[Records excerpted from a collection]

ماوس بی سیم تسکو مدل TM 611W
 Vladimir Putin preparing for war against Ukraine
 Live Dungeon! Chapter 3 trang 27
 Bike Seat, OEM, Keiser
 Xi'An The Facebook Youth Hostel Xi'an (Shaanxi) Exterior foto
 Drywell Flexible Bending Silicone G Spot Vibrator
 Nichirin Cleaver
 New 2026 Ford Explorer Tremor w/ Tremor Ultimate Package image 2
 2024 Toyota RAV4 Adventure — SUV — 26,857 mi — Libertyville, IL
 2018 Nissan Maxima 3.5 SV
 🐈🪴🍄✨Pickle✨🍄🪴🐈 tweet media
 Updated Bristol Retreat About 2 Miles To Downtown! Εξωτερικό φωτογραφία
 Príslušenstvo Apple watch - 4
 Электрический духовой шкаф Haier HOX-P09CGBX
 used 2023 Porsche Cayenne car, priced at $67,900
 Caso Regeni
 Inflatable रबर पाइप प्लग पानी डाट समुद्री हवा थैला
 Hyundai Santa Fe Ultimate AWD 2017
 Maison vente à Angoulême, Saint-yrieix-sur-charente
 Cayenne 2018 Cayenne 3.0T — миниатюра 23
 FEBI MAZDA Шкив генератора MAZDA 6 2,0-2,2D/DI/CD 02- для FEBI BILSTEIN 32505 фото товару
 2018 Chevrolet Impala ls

▸ WHAT NEEDS TO BE DONE
Only a number is wanted here: the count of lines above that hold the word "Ultimate".

▸ COMPLETED TASK
2